Since the second century, Christian leaders had been publishing texts denouncing “the synagogue”, a metaphor for all the followers of Judaism in the Roman empire. While American historians have dismissed these attacks as 'ideological constructions,' Leonard Rutgers, a professor of Late Antiquity at the University of Utrecht specialised in religion, recently published a book disputing this rosy perspective. His book, Making Myths – Jews in early Christian identity formation, describes how the verbal violence directed at the Jewish population by the church leaders became physical in the fourth century.
It was during the Late Antiquity (4th-6th century AD) that Christianity became the dominant religion in both the western and eastern parts of the Roman empire.”Monotheistic religions tend to exclude others after they assume a position of power,” Rutgers said in an interview with NRC Handelsblad.
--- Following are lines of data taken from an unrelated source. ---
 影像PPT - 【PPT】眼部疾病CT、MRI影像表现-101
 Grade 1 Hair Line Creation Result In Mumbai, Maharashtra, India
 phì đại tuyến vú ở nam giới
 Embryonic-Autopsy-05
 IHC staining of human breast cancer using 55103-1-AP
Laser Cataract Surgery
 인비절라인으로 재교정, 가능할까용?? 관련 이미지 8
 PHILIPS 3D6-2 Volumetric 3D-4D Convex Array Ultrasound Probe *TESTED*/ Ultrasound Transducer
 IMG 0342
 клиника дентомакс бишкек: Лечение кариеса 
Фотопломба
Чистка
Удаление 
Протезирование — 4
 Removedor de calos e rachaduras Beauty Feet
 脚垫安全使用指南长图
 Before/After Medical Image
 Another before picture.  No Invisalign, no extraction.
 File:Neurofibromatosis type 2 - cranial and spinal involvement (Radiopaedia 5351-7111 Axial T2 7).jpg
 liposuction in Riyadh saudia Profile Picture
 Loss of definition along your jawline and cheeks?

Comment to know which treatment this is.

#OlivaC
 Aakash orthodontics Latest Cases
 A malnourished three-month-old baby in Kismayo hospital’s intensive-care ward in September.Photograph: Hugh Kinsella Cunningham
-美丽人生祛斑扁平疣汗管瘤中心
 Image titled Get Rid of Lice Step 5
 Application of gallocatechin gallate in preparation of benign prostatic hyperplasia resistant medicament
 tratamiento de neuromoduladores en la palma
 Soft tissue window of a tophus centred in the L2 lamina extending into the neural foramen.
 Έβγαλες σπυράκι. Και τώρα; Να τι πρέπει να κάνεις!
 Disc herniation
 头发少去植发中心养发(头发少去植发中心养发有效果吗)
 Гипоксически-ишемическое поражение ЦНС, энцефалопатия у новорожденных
Christian sects that fell out of favour could be easily denounced as heretics, but Judaism posed a more complex problem, Rutgers explained. “Since Christianity’s roots are themselves Jewish.”
A challenge to Christian self-image
Christians were still prosecuted under emperor Diocletian (303-306), but Constantine I lifted the ban on Christianity in 313 and it became the state religion by 380. “The archaeological records proves that Jewish communities in the empire were doing very well at the time,” Rutgers said. “Synagogues were constructed in prominent places, challenging Christian self-esteem. Christians thought of themselves as the true Israel, but looking out the window they were confronted with a synagogue. Drawing on scriptures from both the Old and the New Testament they started calling ‘the synagogue’ every bad name they could think of.”